With the war raging since Feb. 24, attention has also focused in recent days on shelling in the vicinity of the Zaporizhzhia nuclear reactor complex, Europe’s largest, in a Russian-occupied area of southeastern Ukraine.
Russian-installed officials there, quoted by Interfax news agency, said on Tuesday Ukrainian forces shelled the city of Enerhodar where the plant is located. They accused Ukraine of doing so to provoke Russia into returning fire.
Later on Tuesday, 20 Russian rockets and 10 artillery rounds hit the city of Nikopol on the Ukrainian government-controlled bank of the Dnipro river across from Enerhodar, the Ukrainian regional governor Valentyn Reznichenko wrote on Telegram.

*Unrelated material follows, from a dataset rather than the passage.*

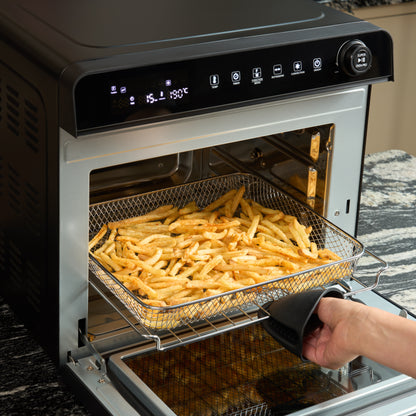 A hand uses a potholder to pull out a basket of cooked French fries from the Fridja Super Oven Pro - 30L Digital Air Fryer Oven, which features a sleek digital display like a convection oven.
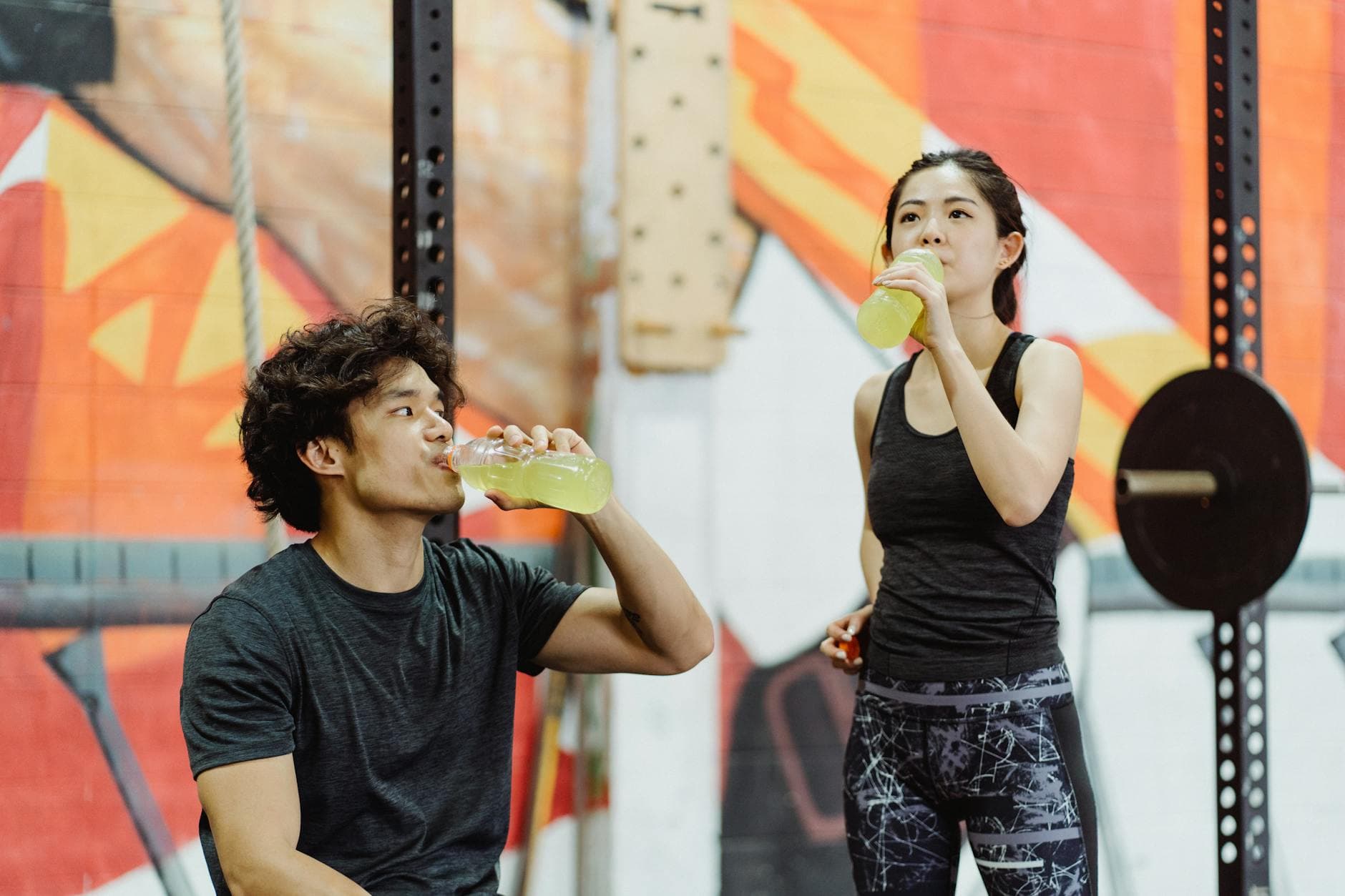 Couple in gym attire hydrating after a workout session indoors. - best recovery drink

He said four people were wounded.
Reuters could not immediately verify either side’s accounts.
Each side has blamed the other for heightened risks to the Zaporizhzhia plant, which Russia seized in March though Ukrainian technicians continue to operate it.
The technicians work under the gaze of heavily armed Russian troops and face huge pressure, but are staying on to make sure there is no Chornobyl-style disaster, one of them said, offering a rare glimpse into the unnerving working conditions there.
“It’s very hard when you go into the plant and see these people and have to be there. It’s very mentally and psychologically taxing,” he said, asking for anonymity for fear of Russian reprisal.
Meanwhile, Russia’s FSB security service accused Ukrainian “saboteurs” of repeatedly blowing up electricity pylons running from a nuclear power station in the Kursk region, some 90 km (55 miles) north of the Ukraine border, disrupting plant operations.
Reuters could not substantiate the report. Ukraine’s defense ministry did not immediately respond to a request for comment.
The Ukraine conflict has caused millions to flee, killed thousands and deepened a geopolitical rift between Moscow and the West.
Moscow calls its invasion a “special military operation” to demilitarize its neighbor and protect Russian-speaking communities. Ukraine, which was part of the Russian-dominated Soviet Union until its 1991 break-up, accuses Moscow of waging an imperial-style war of conquest.
GRAIN EXPORT PROGRESS
As the biggest attack on a European state since 1945 ground on, there was further progress on a U.N.-brokered deal for Ukrainian grain exports to resume, after a Russian blockade of Kyiv’s Black Sea had worsened a global food crisis.
Following the unblocking of ports, the ship Brave Commander carried the first cargo of food aid for Africa from Ukraine since Russia’s invasion.
Ukraine can export 3 million tonnes of grain from its ports in September and may eventually be able to export 4 million tonnes monthly, a government official said.
U.N. Secretary General Antonio Guterres will visit Odesa, Ukraine’s main Black Sea port, on Friday while on a trip to the country during which he will have talks with President Volodymyr Zelenskiy and President Tayyip Erdogan of Turkey, which helped engineer the grain accord, a U.N. spokesman said.